5. (C) The Prime Minister acknowledged that, despite his
government's investments in law enforcement, crime was on the
rise. He faulted a "serious problem of leadership in the
police force" for the lack of results. The PM cited evidence
that the economy was improving (13 percent unemployment, the
lowest level in 15 years) to counter domestic critics who
have described the rise in crime as the result of a faltering
economy. Anthony seemed genuinely perplexed at the crime

problem and said St. Lucia has made more efforts to fight
crime than any other country in the region. Anthony promised
to have Minister George formally request FBI assistance in
solving the three outstanding recent cases of crime against
American citizens. (Note: LEGATT has offered assistance but
needs a detailed formal request from the St. Lucians to take
action. End Note.)



--------------------------


Private Security Necessary


--------------------------





6. (C) According to the Prime Minister, while his government
seeks to improve the performance of the police force, there
is only so much they can do; the private sector must improve
hotel security. He offered to pay for a private security
firm to conduct a full security audit of all hotel properties
in St. Lucia and asked the Ambassador to suggest an American
company qualified to conduct the audit. (Note: RSO will
follow up on this request. End Note.) The Prime Minister
revealed that, although he has met some resistance to the
security audit idea from the hotel association on the island
because of liability concerns, he plans to press ahead with
or without their support.



--------------------------


Embassy Response


--------------------------





7. (C) Ambassador Kramer and Acting DCM/Consul General (CG)
Howard responded to the Prime Minister's pleas by explaining
the Embassy's duty to warn American citizens of rising crime
in the Eastern Caribbean and reiterated that St. Lucia was
not being singled out. The CG shared a draft text of the new
CIS language with Anthony, who called the text "harsh" and
asked for it to be toned down. The Ambassador and CG both
emphasized that the primary problem is criminals targeting
tourists, including American citizens. The CG said that the
Embassy needs to put out this new information, but could
revisit the text in several months if there has been
noticeable progress in fighting crime against tourists.

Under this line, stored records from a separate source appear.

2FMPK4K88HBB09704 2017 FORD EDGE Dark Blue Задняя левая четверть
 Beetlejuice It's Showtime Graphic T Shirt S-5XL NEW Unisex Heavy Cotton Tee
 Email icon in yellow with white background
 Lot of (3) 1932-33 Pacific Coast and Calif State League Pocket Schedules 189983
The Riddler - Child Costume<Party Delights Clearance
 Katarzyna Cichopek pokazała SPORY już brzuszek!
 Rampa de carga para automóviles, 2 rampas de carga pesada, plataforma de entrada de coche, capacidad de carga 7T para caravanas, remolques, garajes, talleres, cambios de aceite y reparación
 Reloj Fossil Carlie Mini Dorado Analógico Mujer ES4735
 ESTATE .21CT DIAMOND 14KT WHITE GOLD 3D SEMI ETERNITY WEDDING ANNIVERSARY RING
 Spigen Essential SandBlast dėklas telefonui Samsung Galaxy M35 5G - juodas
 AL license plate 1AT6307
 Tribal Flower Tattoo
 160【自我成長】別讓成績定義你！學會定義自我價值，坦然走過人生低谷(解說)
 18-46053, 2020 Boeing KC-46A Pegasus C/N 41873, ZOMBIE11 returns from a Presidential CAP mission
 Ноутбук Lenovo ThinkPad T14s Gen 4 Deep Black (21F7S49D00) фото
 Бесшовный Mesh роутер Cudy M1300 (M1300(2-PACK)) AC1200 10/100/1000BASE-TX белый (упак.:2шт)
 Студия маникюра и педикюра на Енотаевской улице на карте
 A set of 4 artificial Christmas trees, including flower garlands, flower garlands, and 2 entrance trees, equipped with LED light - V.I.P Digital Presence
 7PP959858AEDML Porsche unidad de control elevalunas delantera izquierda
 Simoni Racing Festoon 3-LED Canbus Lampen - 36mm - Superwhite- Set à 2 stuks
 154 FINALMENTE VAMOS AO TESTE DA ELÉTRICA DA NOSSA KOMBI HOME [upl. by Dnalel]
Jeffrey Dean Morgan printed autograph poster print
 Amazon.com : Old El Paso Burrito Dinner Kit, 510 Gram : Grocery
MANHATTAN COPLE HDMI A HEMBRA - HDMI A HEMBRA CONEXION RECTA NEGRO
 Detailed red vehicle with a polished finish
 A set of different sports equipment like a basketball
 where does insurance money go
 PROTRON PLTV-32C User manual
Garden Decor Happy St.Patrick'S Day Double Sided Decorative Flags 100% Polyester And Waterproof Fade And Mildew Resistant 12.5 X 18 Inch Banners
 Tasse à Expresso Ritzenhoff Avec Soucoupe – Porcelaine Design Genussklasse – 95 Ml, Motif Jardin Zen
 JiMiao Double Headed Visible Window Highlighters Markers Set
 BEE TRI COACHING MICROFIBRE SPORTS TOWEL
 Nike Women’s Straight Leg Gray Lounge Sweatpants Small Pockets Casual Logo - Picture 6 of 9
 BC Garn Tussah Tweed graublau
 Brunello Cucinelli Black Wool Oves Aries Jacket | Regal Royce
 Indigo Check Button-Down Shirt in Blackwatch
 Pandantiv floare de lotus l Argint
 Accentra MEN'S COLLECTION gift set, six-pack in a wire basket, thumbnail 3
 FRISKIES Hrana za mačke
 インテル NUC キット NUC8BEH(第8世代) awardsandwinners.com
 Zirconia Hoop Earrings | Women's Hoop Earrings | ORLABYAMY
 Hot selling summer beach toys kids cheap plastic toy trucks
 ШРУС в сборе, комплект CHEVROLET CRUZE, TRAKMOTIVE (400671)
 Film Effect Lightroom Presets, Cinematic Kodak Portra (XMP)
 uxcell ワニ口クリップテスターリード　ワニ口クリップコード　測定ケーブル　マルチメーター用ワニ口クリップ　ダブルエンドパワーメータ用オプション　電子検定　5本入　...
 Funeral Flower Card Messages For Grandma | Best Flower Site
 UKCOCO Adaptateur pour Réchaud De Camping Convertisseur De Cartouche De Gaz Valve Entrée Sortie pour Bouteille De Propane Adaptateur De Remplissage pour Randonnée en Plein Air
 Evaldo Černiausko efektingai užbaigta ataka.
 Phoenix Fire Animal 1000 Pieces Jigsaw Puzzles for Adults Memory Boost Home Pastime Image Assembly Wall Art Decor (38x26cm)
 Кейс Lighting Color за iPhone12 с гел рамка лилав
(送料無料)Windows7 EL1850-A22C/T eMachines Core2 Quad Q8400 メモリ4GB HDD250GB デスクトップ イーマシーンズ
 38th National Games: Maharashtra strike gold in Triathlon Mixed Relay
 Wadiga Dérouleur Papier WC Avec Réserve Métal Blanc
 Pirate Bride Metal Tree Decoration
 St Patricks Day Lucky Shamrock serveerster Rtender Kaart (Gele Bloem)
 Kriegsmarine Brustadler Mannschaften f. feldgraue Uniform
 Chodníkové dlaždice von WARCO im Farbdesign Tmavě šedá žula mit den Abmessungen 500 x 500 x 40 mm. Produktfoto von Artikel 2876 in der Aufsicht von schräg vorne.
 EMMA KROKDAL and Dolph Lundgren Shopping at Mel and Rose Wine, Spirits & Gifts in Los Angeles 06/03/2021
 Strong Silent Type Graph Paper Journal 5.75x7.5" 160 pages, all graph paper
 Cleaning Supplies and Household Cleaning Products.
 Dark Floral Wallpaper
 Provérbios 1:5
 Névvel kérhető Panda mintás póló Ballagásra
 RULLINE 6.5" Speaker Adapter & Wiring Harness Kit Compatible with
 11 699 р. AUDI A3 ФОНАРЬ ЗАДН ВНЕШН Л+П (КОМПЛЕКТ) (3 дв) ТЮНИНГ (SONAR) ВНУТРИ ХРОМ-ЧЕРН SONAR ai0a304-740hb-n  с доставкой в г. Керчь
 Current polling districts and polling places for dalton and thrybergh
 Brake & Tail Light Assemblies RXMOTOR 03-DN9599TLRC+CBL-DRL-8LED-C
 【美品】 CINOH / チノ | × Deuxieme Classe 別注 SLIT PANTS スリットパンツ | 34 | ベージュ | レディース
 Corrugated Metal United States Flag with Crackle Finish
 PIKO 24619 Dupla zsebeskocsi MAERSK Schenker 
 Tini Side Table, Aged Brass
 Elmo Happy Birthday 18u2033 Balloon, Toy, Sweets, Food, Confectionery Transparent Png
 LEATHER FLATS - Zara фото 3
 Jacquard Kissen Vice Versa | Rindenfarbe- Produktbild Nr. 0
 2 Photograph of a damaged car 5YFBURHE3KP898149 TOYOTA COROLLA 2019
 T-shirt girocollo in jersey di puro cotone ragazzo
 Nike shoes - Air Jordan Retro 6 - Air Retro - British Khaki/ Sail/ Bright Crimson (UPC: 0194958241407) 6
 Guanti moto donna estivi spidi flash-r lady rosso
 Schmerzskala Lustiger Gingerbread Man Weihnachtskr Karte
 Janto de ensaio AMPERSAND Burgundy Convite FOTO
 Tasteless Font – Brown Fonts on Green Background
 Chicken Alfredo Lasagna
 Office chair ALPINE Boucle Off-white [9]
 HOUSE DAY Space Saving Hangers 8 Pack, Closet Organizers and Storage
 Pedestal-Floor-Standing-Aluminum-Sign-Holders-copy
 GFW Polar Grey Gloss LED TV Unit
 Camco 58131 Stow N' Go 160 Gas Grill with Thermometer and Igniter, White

--------------------------


Comment


--------------------------





8. (C) Despite the Prime Minister's entreaties, the Embassy
cannot ignore the serious problem of crime against tourists
in St. Lucia. Post recommends using the CIS language
previously submitted (currently in the clearance process in
the Department). According to law enforcement agencies at
Post, rather than corruption, the main problem is that police
are faced with new challenges to which they are seeking
remedies. To help support this process, the Embassy plans to
work closely with St. Lucian law enforcement and hotels to
better protect American citizens on the island against crime.
As for the elections, the St. Lucian opposition and press
have already bitterly attacked the Prime Minister over the
lack of progress in fighting crime. It seems highly unlikely
that the new CIS will make or break his reelection prospects.